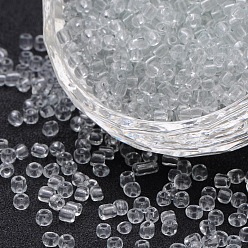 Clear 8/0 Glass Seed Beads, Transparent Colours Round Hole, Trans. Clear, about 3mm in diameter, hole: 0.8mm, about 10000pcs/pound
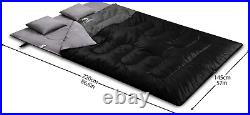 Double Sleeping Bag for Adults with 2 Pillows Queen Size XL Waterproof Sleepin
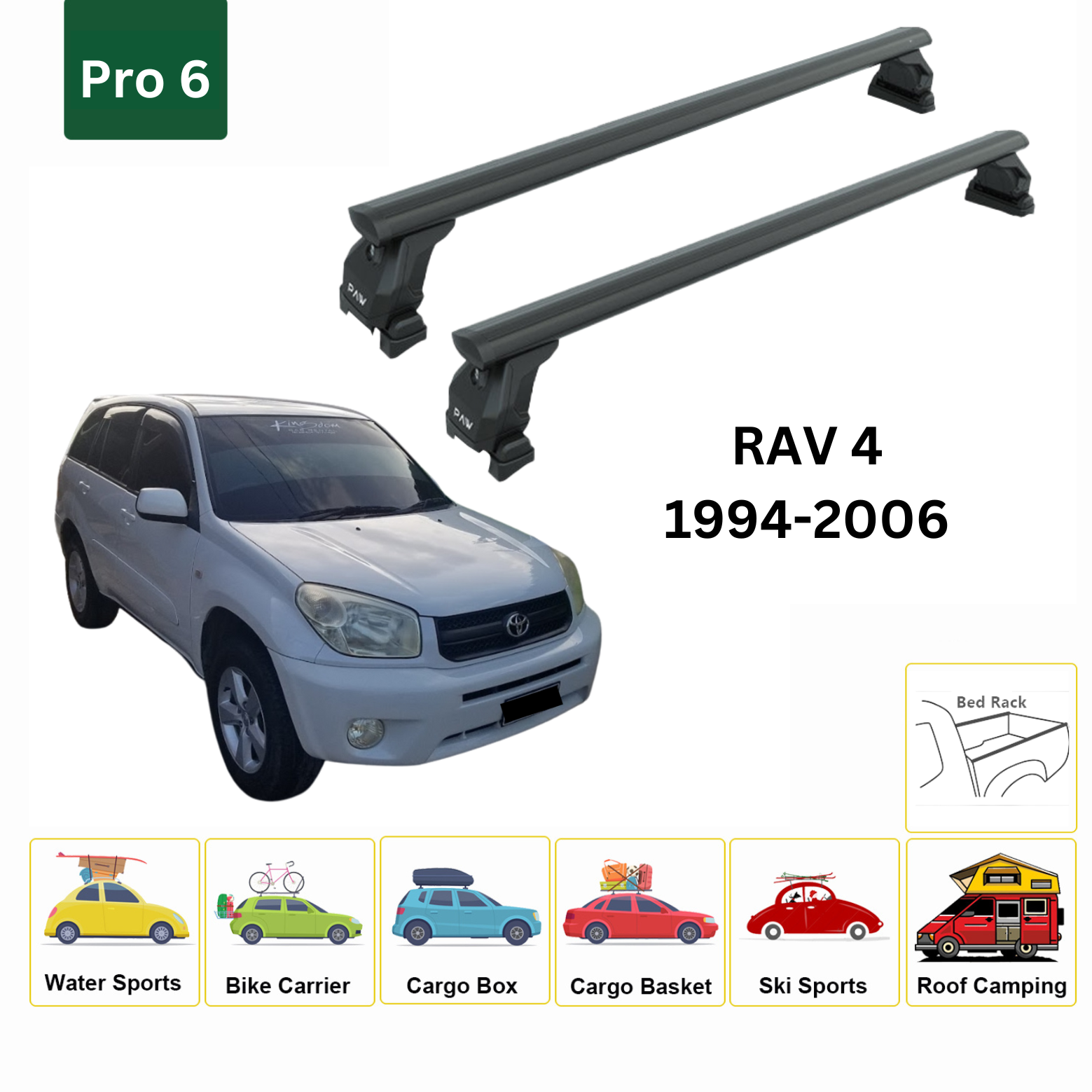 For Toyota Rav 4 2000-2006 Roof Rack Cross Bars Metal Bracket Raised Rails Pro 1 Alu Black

+ + +

Restate the data above verbatim, skipping every image.

YOUR RESPONSE:
 Clear 8/0 Glass Seed Beads, Transparent Colours Round Hole, Trans. Clear, about 3mm in diameter, hole: 0.8mm, about 10000pcs/pound
 Double Sleeping Bag for Adults with 2 Pillows Queen Size XL Waterproof Sleepin
 For Toyota Rav 4 2000-2006 Roof Rack Cross Bars Metal Bracket Raised Rails Pro 1 Alu Black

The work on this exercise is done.